Estamos en un mundo donde el espíritu competitivo nos reta a ser mejores cada día. A dar lo mejor de cada uno. A esforzarnos y exigirnos, sin descanso. A utilizar las mejores herramientas para cumplir con este propósito.

Y, todo esto ¿para qué?

La repuesta a esta pregunta es fundamental. La que da sentido a todo lo anterior.

Si nos equivocamos en la respuesta, estaremos fácilmente fuera del juego y perderemos la paz que necesitamos tanto, no solamente para lograrlo, sino para nuestra propia realización personal: ese sentimiento interno que trasciende a nuestra espiritualidad y que nos hace sentir que hemos hecho las cosas bien.

Para dar la respuesta adecuada, debemos, necesariamente, considerar la esencia de nuestra condición humana. Entendernos como personas y comprender la razón de ser de nuestra relación con el otro; esa persona que, circunstancialmente, por corto o largo plazo, comparte nuestro camino.

De los frutos logrados de esta relación, dependerá, no solamente el disfrute de la misma, sino también el encuentro que da sentido a nuestra existencia.

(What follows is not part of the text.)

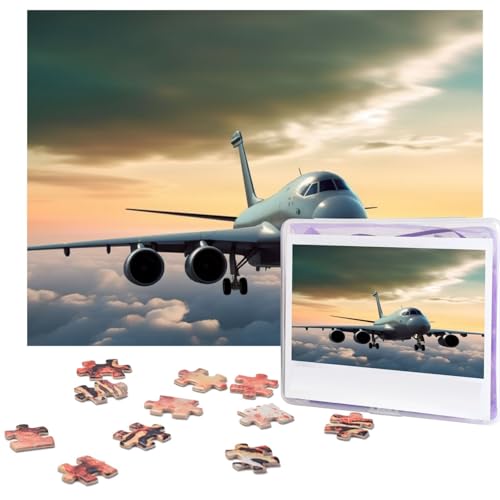 500-teiliges Puzzle für Erwachsene, herausforderndes Puzzle für Spieleabende, Holzpuzzle, personalisierte Holz-Puzzles für Familienflugzeug, Bilderpuzzles, fertige Größe 51,8 x 38,1 cm 500-teiliges Puzzle für Erwachsene, herausforderndes Puzzle für Spieleabende, Holzpuzzle, personalisierte Holz-Puzzles für Familienflugzeug, Bilderpuzzles, fertige Größe 51,8 x 38,1 cm von KTHSNSKL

No necesariamente somos lo que pensamos de nosotros mismos, sino que, fundamentalmente, nos identificamos y nos identifican, por el aprecio sincero y la valoración plena que el otro tiene por cada uno de nosotros.

El tema, entonces, parte desde la definición misma de lo que consideramos competencia.

Cuando la apreciamos, de manera primaria, nacen nuestros sentimientos más egoístas y soberbios que nos llevan a pretender ser más que los demás. Y, luchamos por tener el reconocimiento que no merecemos. Nos volvemos autoritarios e, irracionalmente, actuamos de manera terrorista, por nuestra incapacidad para participar en comunidad con sentido de solidaridad y servicio, lo que nos lleva a pretender que todos los demás se acomoden a nuestra manera de ser y de pensar para, de esta forma, someterlos y poder satisfacer ese ego que nos hace sentir que hemos ganado porque llegamos primero que los demás y, aún más grave: a costa de los demás.

El sentimiento de poder, entonces, no nos llena, sino que sentimos que nos embarga una sensación extrema de soledad. Sentimos que nos rodea mucha gente, pero no contamos con ninguna compañía.

Es el el momento en que todo lo logrado pierde sentido, porque los que, en algún momento, quisieron ayudarnos, ya no están con nosotros. Los hemos perdido, por culpa de nuestro orgullo que nos hizo creer ganadores en una competencia que descalificó a todos y nos dejó «rumiando» nuestra propia soledad.

Es cuando teniendo todo, se siente la sensación de no tener nada, porque, a pesar de haber acumulado mucho, nunca lo compartimos ni lo alcanzamos solidariamente con el otro, sino a costa de aquel que era nuestro hermano y compañero en el sendero.

«La tarea que me he propuesto llevar a cabo es la siguiente: cómo evitar los males de la competencia mientras conservamos sus ventajas.» (Alfred Marshall)

La competencia, no debemos entenderla como una carrera para descalificar al otro. Es la capacidad que desarrollamos con esfuerzo para que todas nuestras potencias: físicas, mentales y espirituales, se pongan a disposición del otro, de manera que alcancemos logros compartidos que beneficien a toda la comunidad.

Es el sentido social que transforma la comunidad en bien de todos, para su bienestar y progreso; que resulta de ese espíritu de servicio que alcanza, por sí mismo, el aprecio y cariño sincero de quien percibió este comportamiento.